Your partner has a responsibility to respect your boundaries. They should want to help enforce them as a part of your happiness. If your partner can’t expect your boundaries or what you need from the relationship, then it’s important to consider that they may not be the right person for you. With love, respect is pretty black-and-white. We respect our partners and we respect our needs. Anyone who can’t do that doesn’t deserve to be in our lives.
3. Commit to real change
You can dwell on your mistakes all day long and you can think about how you want your relationships to be different. None of that will happen, though, if you don’t actually commit to real change. That means taking action to correct your thoughts, your behaviors, and the way you react and interact in love. Manifesting better relationships is a matter of action, not thought alone.
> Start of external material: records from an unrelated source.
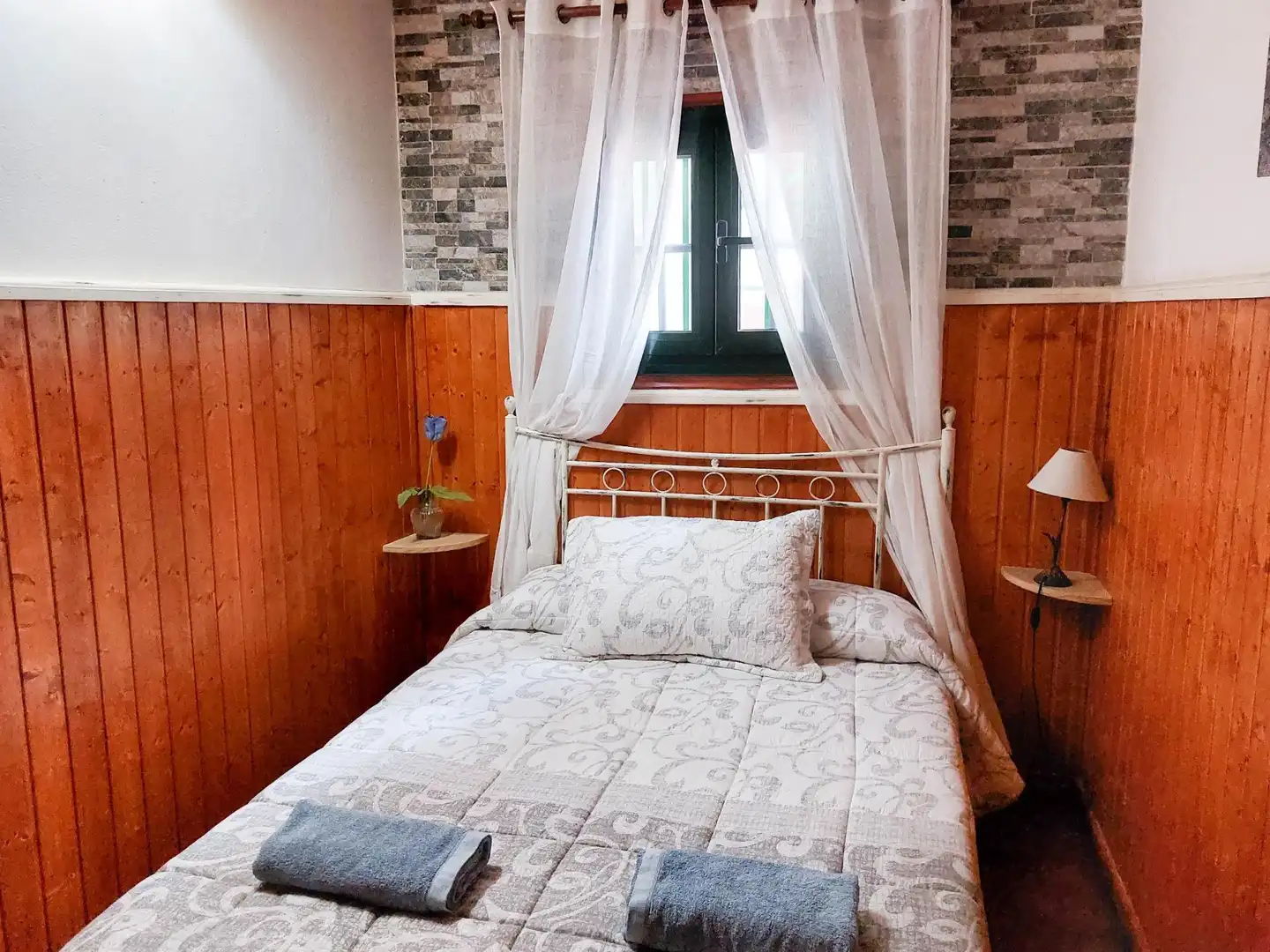 Habitación de Finca rústica en venta en Hermigua con Jardín privado, Terraza y Amueblado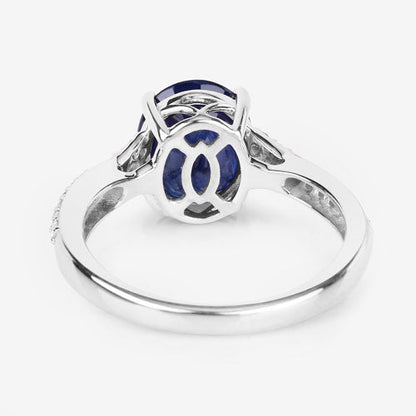 Anillo de zafiro azul auténtico de 3.28 quilates y diamantes blancos en oro blanco de 14 quilates
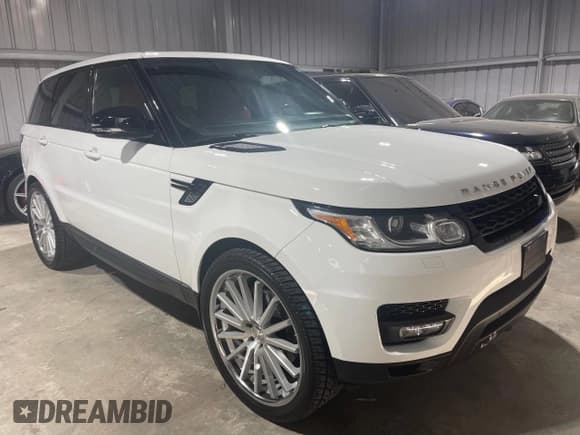 ✅ 2014 Land Rover Range Rover Sport Supercharged • VIN: SALWR2EF3EA325907 • Lot: 48639775. Wystawiony na Copart z przebiegiem 110 670 mil. Bezpłatny archiwum sprzedaży aukcyjnych z USA i szczegółowy raport historii pojazdu na DreamBid. Zdjęcie 1.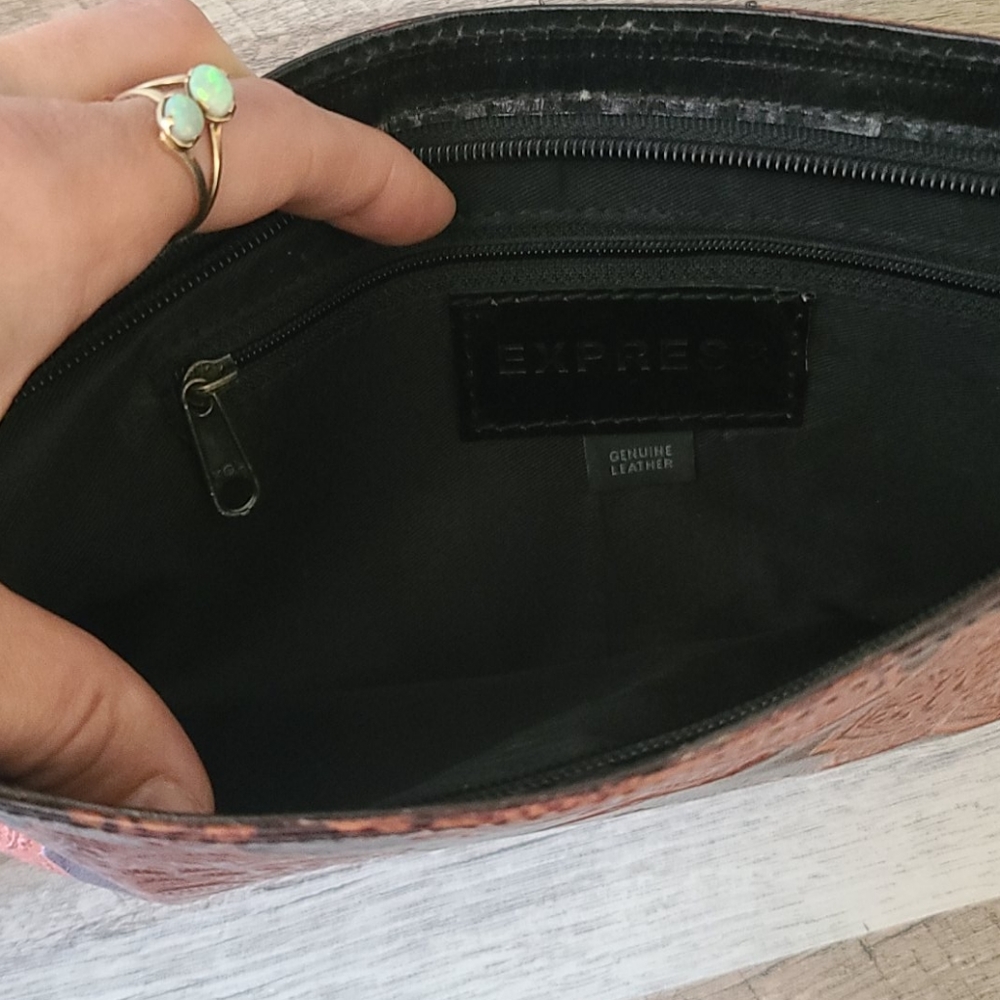 Express Wristlet Leather Brown and Black Bag - Picture 5 of 8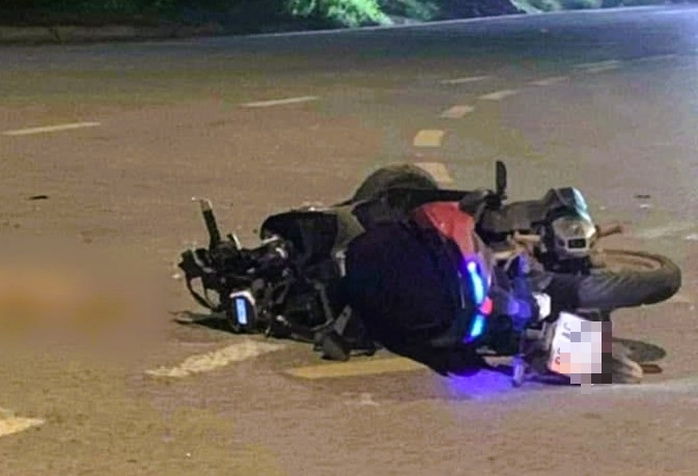 Xe máy "kẹp 3" va chạm ô tô, 2 nữ sinh 16 tuổi thương vong- Ảnh 1.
The fact of the matter is that your relationship will continue to fail unless you commit to real, lasting change. That change doesn’t come by changing our thoughts alone. We have to actively chance our experiences and the way we approach everything from communication to attraction.
Be willing to take action and change — even if it means you have to change yourself for a better outlook on life. If what you’re doing isn’t working, figure out what is. Shift your perspective. Stop seeing relationships as an accessory, or as something that you have to achieve in order to be worthy. Your relationship should reflect the happiness you’ve already built for yourself. Commit to overhauling your relationship goals from the ground up and go after what you really need and want.
Putting it all together…
When our relationships continue to fail, we have to take a step back to look at what we’re getting wrong. While we certainly aren’t to blame for the toxic behaviors of our partners, we choose the best relationships to invest in. Have all your partnerships ended in heartbreak? Once you consider the mistakes that you’re making, you can take action to course-correct when in all your future romantic endeavors.
Step back from all the heartbreak and all the conflict and take an honest look at what you need and want from a relationship. Question yourself and don’t look away from the truth. With these needs to hand, have the hard conversations with your partners and make sure that your needs align before you invest in a serious commitment. Create better boundaries in your partnerships and stop allowing yourself to be taken advantage of or pushed around. Build on what works. Stop focusing on keeping score and become a partner that’s focused on solutions. Above all else, though, commit to real change. Change the way you see yourself and the way you see romantic relationships too. The more aligned you are with self, the better your love will become.